__Given data__.

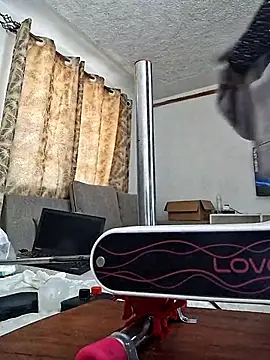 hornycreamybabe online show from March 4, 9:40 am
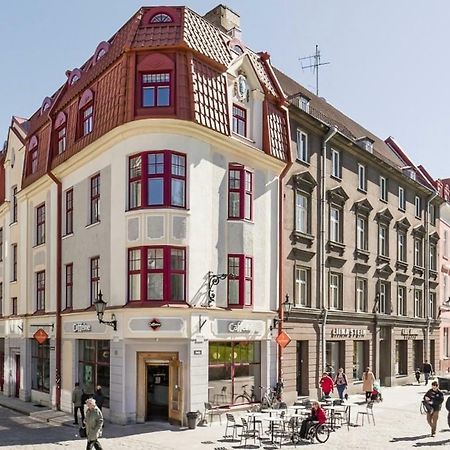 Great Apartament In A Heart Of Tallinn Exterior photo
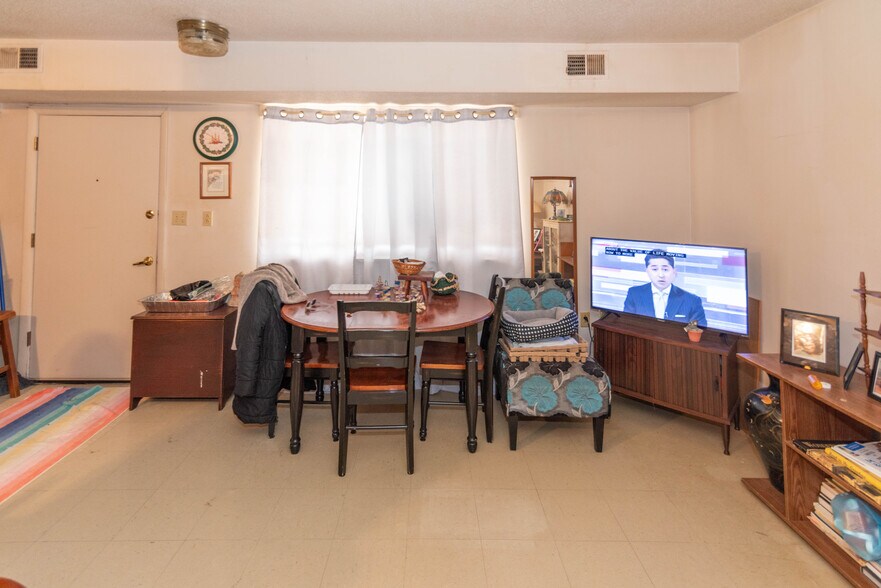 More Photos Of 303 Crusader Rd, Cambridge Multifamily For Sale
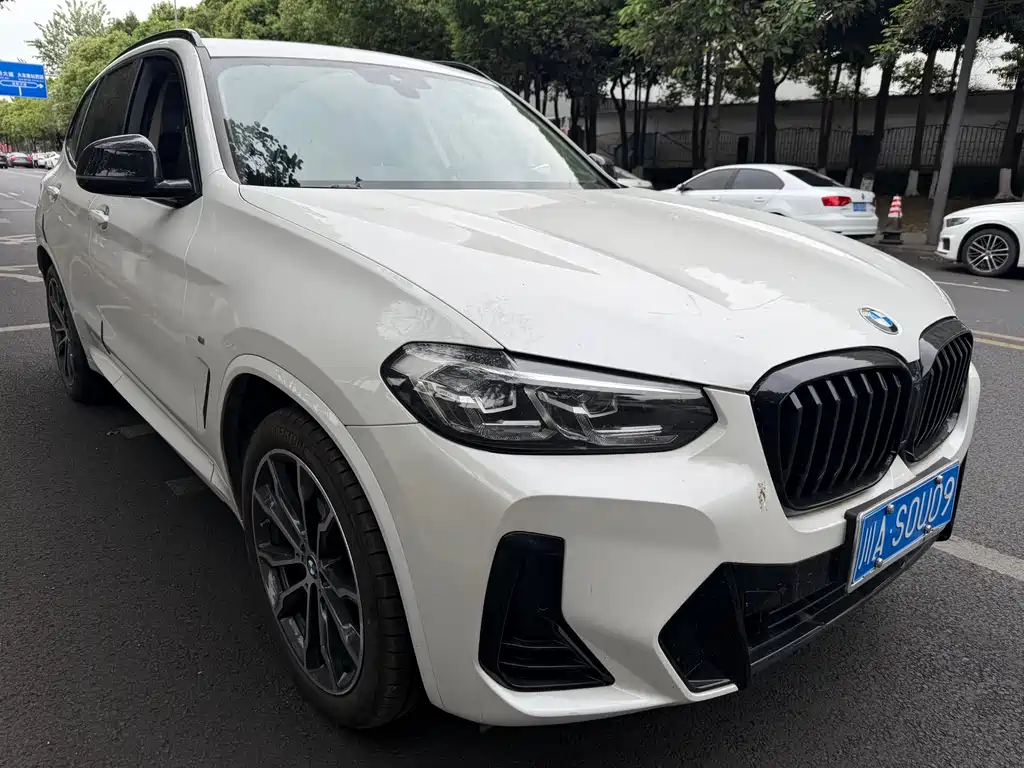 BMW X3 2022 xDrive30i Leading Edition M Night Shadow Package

__Try it__.
What is needed is the full material, retyped unchanged, with no pictures in it.

__Expected answer__.
 hornycreamybabe online show from March 4, 9:40 am
 Great Apartament In A Heart Of Tallinn Exterior photo
 More Photos Of 303 Crusader Rd, Cambridge Multifamily For Sale
 BMW X3 2022 xDrive30i Leading Edition M Night Shadow Package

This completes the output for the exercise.